Friday, January 30, 2004

#87) Rod Stewart - Every Picture Tells A Story (released in 1971, I first heard the album over the summer of 2002. I got the Reason To Believe: The Complete Mercury Recordings box as a Christmas present that year. Thanks, Mom!)

Taking the Beggars Banquet-era Stones sound to its loudest ("(I Know) I'm Losing You") and softest ("Mandolin Wind") extremes, Rod and his drinking buddies do what they basically did on every Stewart album - amble through Stewart's story songs and a bunch of R&B and folk covers until they've filled the tape. This just happens to be the one album of his where each song resonates as much as the next, whether the source is as familiar as "That's All Right, Mama," as obscure as Tim Hardin, or as inimitable as Rod The Mod's noggin. Stewart's interpretive skills make it impossible to tell which songs he wrote himself, with the possible exception of the title track. Too crass to be Dylan and too rich to be anyone else, the song mixes sage advice with lines like "Shanghai Lil never used the pill," providing both youthful absurdity and lyrical detail before bursting into a barroom rave-up, with Stewart and Maggie Bell repeatedly noting that "Every picture tells a story, Tony!" (or so I hear it).
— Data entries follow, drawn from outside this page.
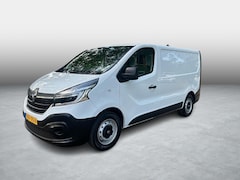 Renault Trafic - 1.6 dCi 95 T27 L1H1 Comfort EU6 | Trekhaak | wegklapbare dakdragers | Airco | Navi |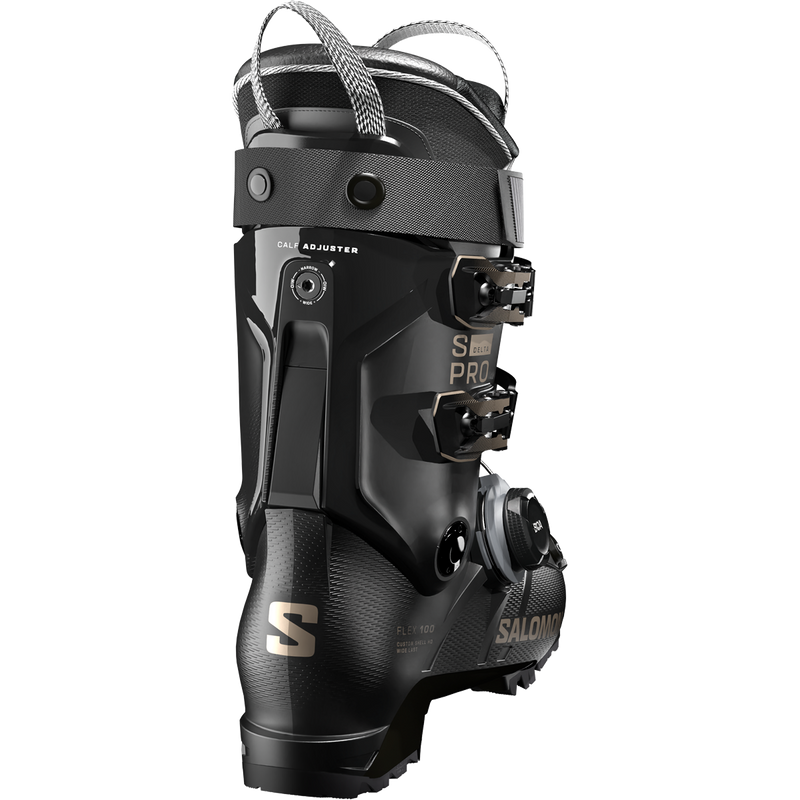S/Pro Delta BOA 100 GW, Salomon S/Pro Delta BOA 100 GW back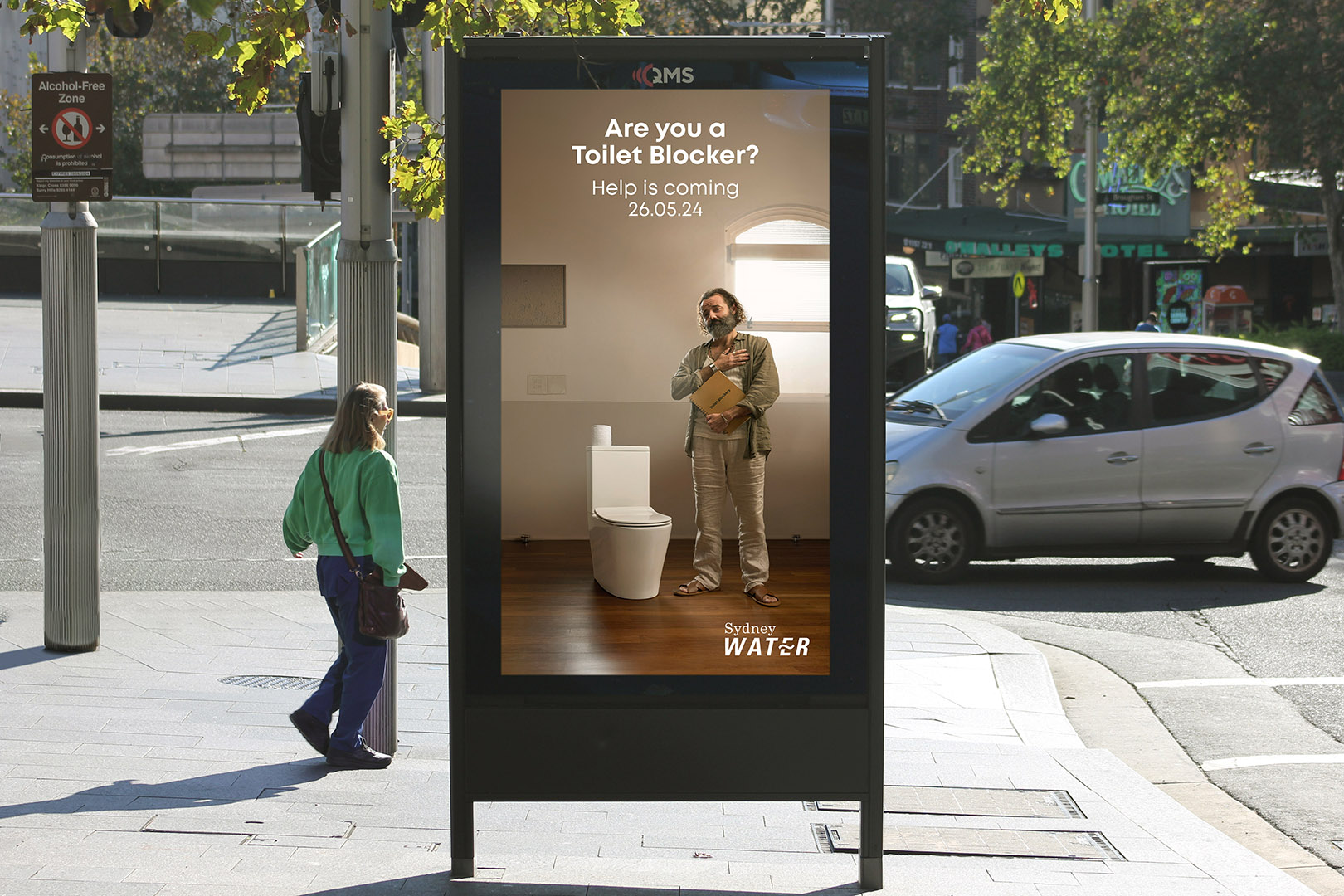 Sydney Water Toilet Blockers_Moderator_Portraits_Teaser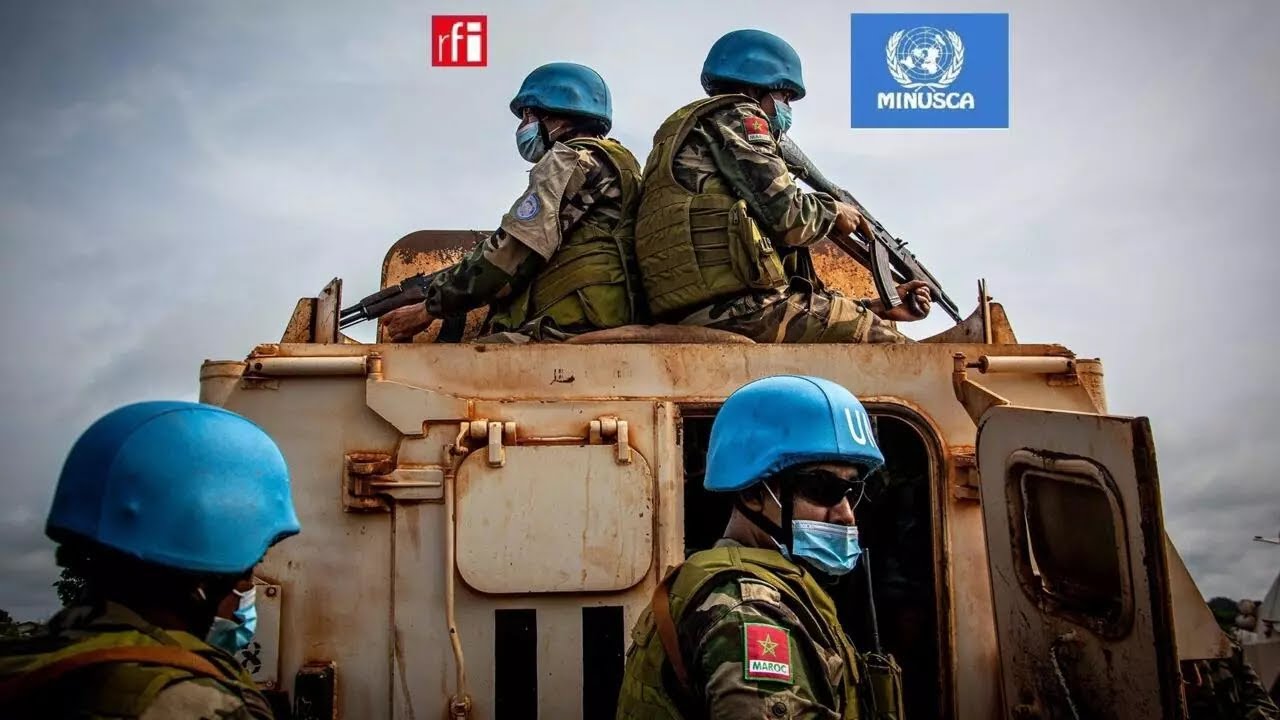 联合国[中非稳定团]澄清撤出传闻 &bull; RFI 华语 - 法国国际广播电台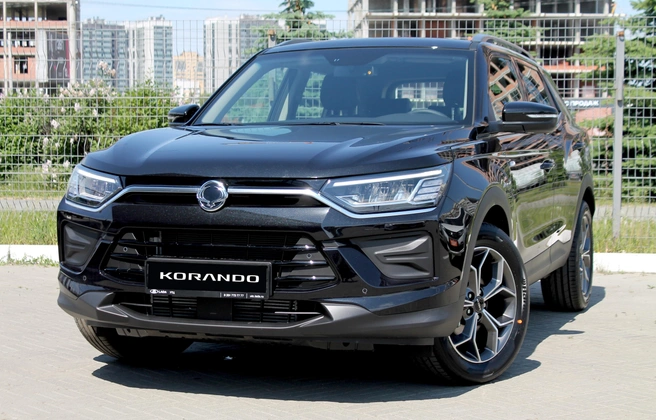 Korando | Источник: «УТЦ» KGM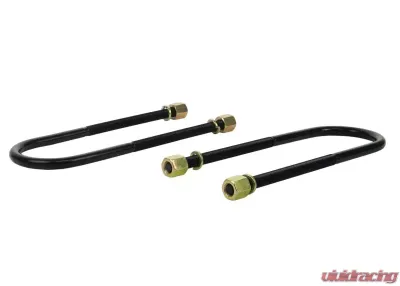 Nolathane U Bolts Rear - REV249.0012
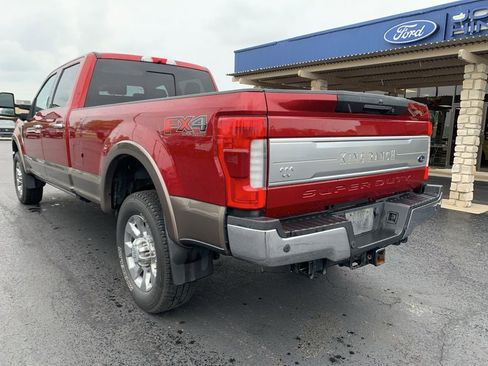 Used 2019 Ford F350 King Ranch w/ King Ranch Ultimate Package AWD/4WD image 6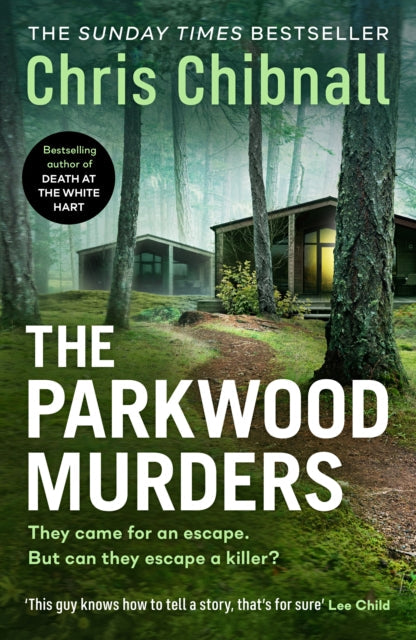The Parkwood Murders by Chris Chibnall (Hardcover)
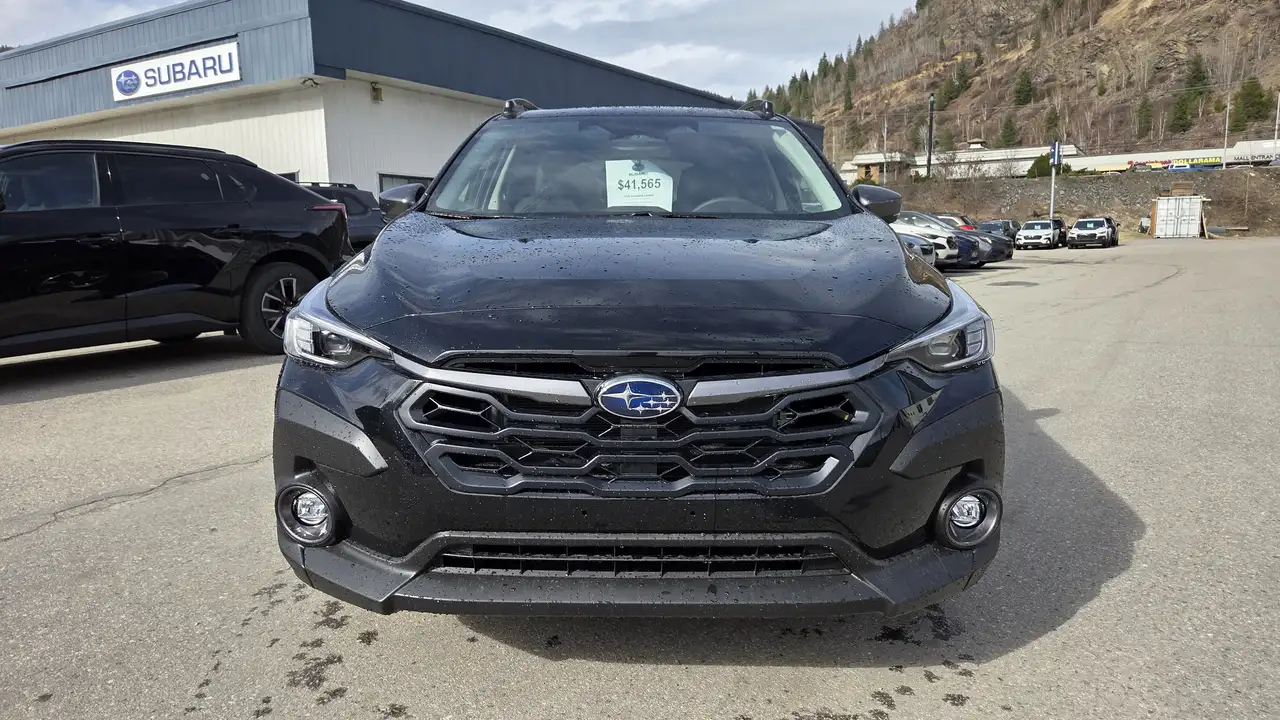 Subaru Crosstrek снимка Subaru Crosstrek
I'm not sure with the adage means, but I appreciate their spirit. While I can relate more with 1972's "You Wear It Well"'s I-done-fucked-up humor than "Maggie May"'s tale of a stud who can't say no, there's a reason he revisited the sound so blatantly. Every song hits its mark without it ever coming off like effort. I doubt we'll ever see an album this varied again that doesn't sound either aggressively test-marketed or willfully eclectic.